■ **Instructions to follow**
Leaving out the images, return the data below exactly as it is written.

■ **Data**

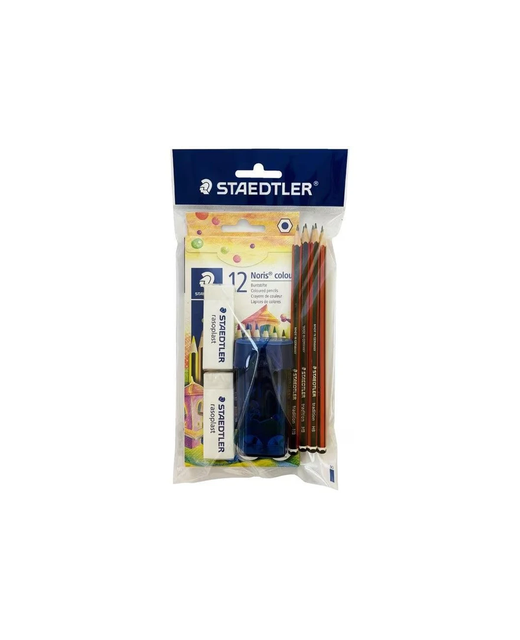 Essential School Kit Staedtler 21 pc Set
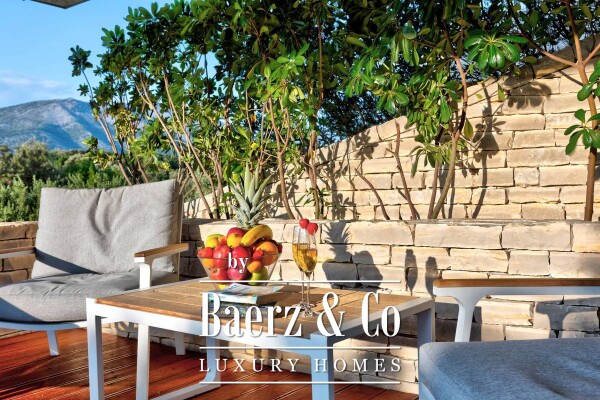 photo 45 Korčula, luxurious modern villa with sea view, unique offer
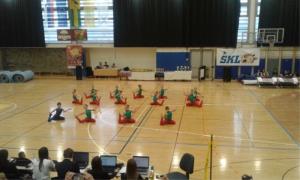 KD Mavrica uspešno na mednarodnem prvenstvu v Škofljici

■ **Answer area**
 Essential School Kit Staedtler 21 pc Set
 photo 45 Korčula, luxurious modern villa with sea view, unique offer
 KD Mavrica uspešno na mednarodnem prvenstvu v Škofljici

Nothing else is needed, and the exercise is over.